The Z-machine was left almost fully untouched – until Graham Nelson appeared with Inform and its first game, Curses, in 1993. He then went on to add versions 7 and 8, which were essentially version 5 with expanded storage size, before Inform eventually transitioned to the new Glulx virtual machine. It’s worth noting that version 6, although more complex than 5, was unused. In the end, it seems that despite their inability to reach a wider crowd because of lack of graphics, graphical games were not Infocom’s strongest point, and ultimately caused their downfall.
The history of the Z-machine is still progressing9 with Inform 10 and Glulx/Gblorb. ZIL, however? Well … I guess I am part of that future. I’ll see you next time as we learn a little bit of ZIL.
Footnotes
1 What “interpreter” means in this case (because back then they didn’t have Frotz, you know) is a small program which, according to my knowledge, was integrated into the disks you got (which also contained the game). An interpreter would read the file and translate that code for the computer it was running on. This made the idea so innovative because one file could be used across many completely different computers.
2 Milliways: the Restaurant at the End of the Universe was released less than a year ago in the 2023 IFComp.
3 Versions 1 and 2 were never actually used for released games by Infocom: early versions of Zork I and II used both types, but they were very limited and were used in early demo versions because they took up much less space.
4 In fact, the only z3 game to use the upper window for a more elaborate status line was Seastalker.
5 The actual limit (65535) would take up more storage space to reach than is available in any Z-machine format.
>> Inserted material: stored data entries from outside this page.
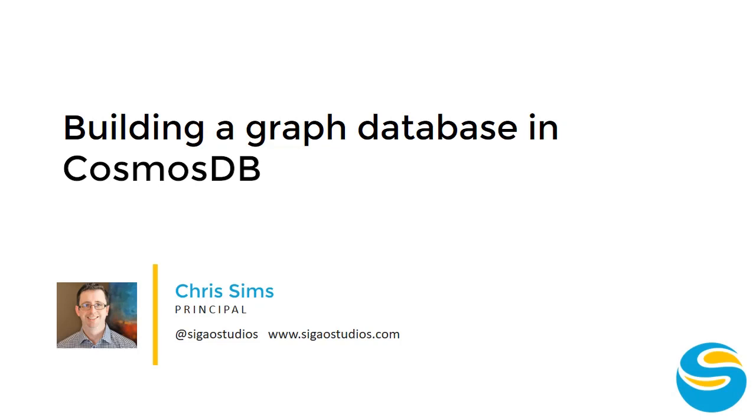Hello, my name is Chris Sims. Today we are going to build a graph database for modeling a social network using Microsoft's Azure Cosmos DB and Apache's Gremlin.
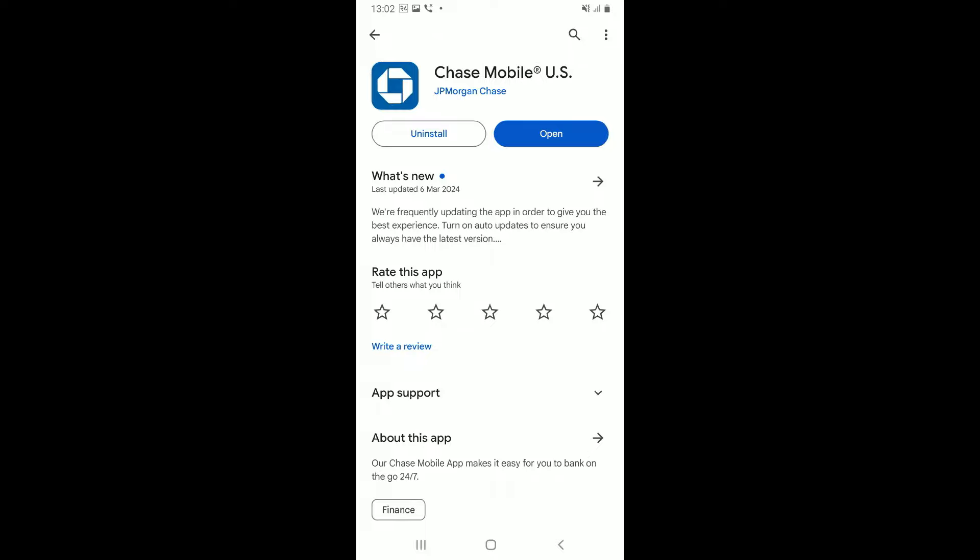If you see an update button, tap on the update button and then make sure to download the latest version of Chase mobile banking app. Once you have the latest version, you will be able to address your crashing issue on your application.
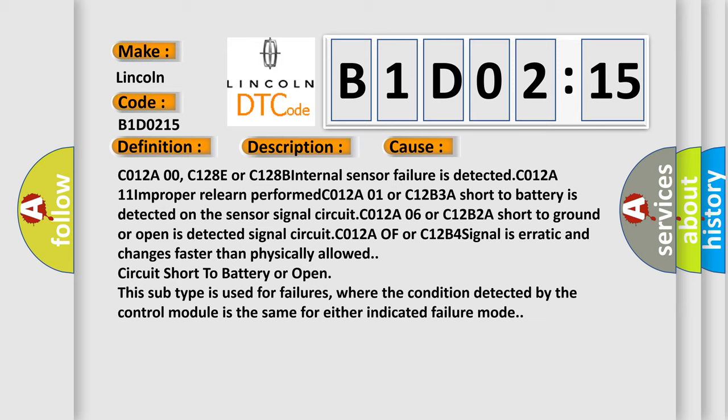C012A11 improperly learn performed. C012A01 or C12B3A short to battery is detected on the signal circuit. C012A0E or C012B4 signal is erratic and changes faster than physically allowed.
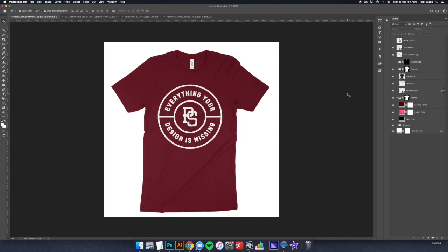And there you have it—your design mocked up looking amazing and ultra realistic. You can get this mockup plus over 1,500 others in our apparel mockup bundle. The link will be in the description below. Thanks guys, happy designing!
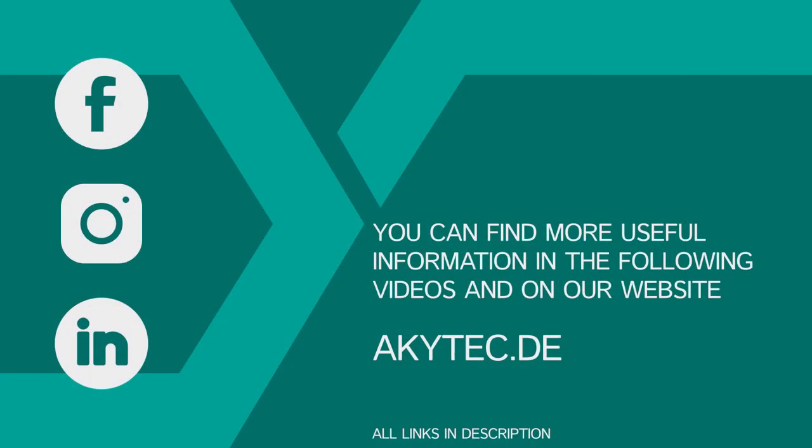In the next video, we will finally talk about simulation mode. Don't forget to leave comments under our videos and subscribe to our channel. Bye everyone.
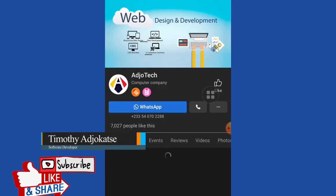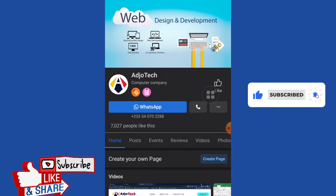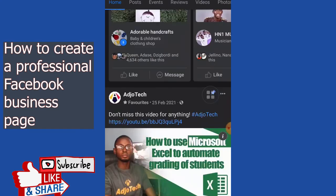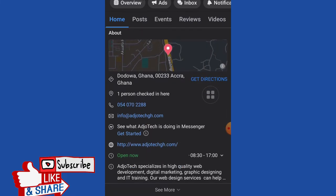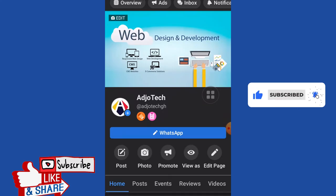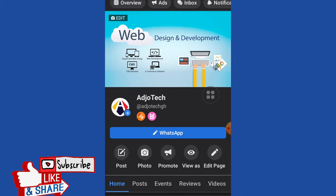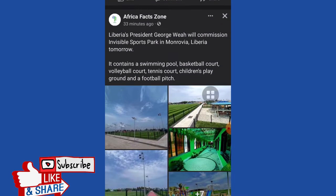In today's video, I'm going to walk you through how to create a professional-looking business page, just like the one on my screen. That's my business page with 7,000 plus subscribers, and it's professional — I have my YouTube page and other social media platforms linked to it. I'm going to show you how to create this professional Facebook business page with just your mobile device.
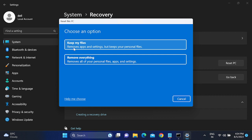You will see two options: 'Keep my personal files' removes apps and settings but keeps your personal data like videos and photos, though it will remove MS Office and all manually installed applications. The option 'Remove everything' deletes all personal data, apps, and settings. I suggest choosing 'Keep my files' if you are reusing Windows. If you are selling the PC, choose 'Remove everything'.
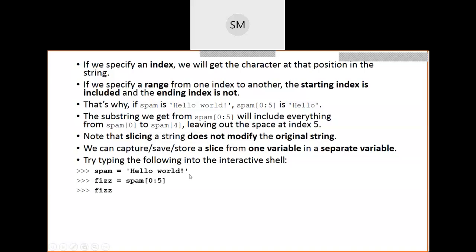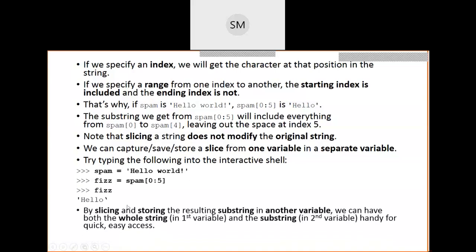By storing the sliced result in a separate variable, we can use both the original string and the substring whenever needed. If we want to update the original variable, we write spam = spam[0:5]. This is similar to x = x + 3 in arithmetic — the upper method returns a new string and we store it back in the same variable.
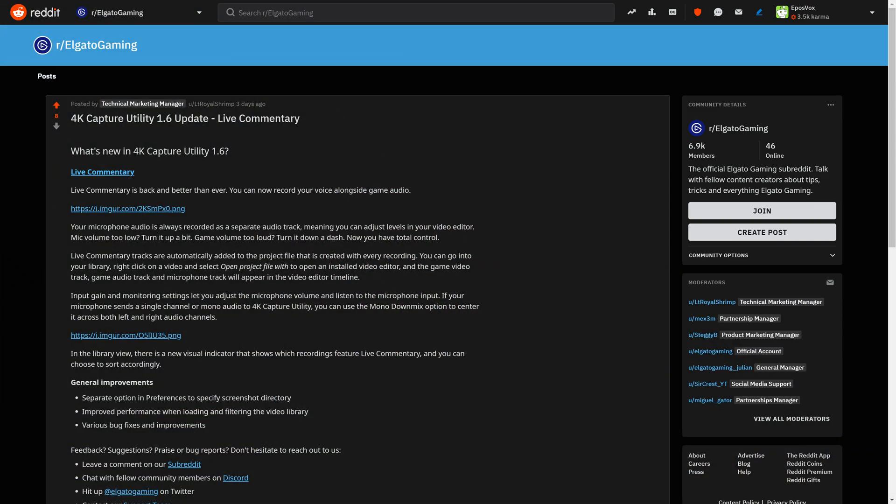Hey Streamers, I'm EposVox here to make tech easier and more fun, and in this video we'll be covering Elgato's latest update to their 4K capture utility, which finally introduces live commentary, how to set it up and use it, and how to import that and manage it in your video editing software.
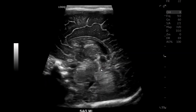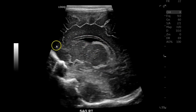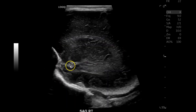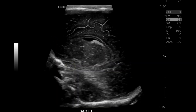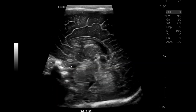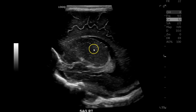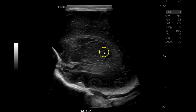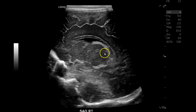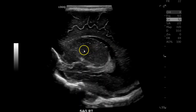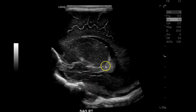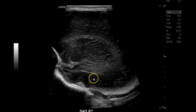Just beautiful — very comparable to the Logic 9. Then with the linear probe I take more parasagittal images: caudal thalamic groove, thalamus, caudate nucleus. More lateral, you have more choroid plexus and the occipital horn of the lateral ventricle.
6 By “moving”, I mean that the input was not constrained to the bottom window. It went into the top window (where the status line is usually kept, it was just brought down), and could change position on the page (instead of being just at the bottom of the page where the cursor usually is).
7 Here, I’m not sure whether to call it “IF”, “Interactive Fiction”, or “text adventures”. There is certainly a difference – “IF” is regarded as the general modern interactive fiction genre, including pretty much anything narrative and text based. But the line is miles wide and blurry and not exactly certain. But “interactive fiction” Vs “text adventures”? Especially for back then… and especially what I’m about to talk about (not just text, also pictures)? It’s a confusing topic and worth a whole other article which I, for one, would read. But I’ll say text adventures because that’s probably what they would use. I suppose it doesn’t really matter.
8 “Windows” is, again, a bad term. If you can think of the status line and quote boxes up at the top as the “upper window”, and the main text as the “lower window”, then you can understand the rest better.
9 In 2013, Zzo38 created versions 9 and 10, which include support such as XOR, but only Zzo38’s own Aimfiz and Fweep interpreters support these versions, and the Z-machine Standards Document does not support these versions either.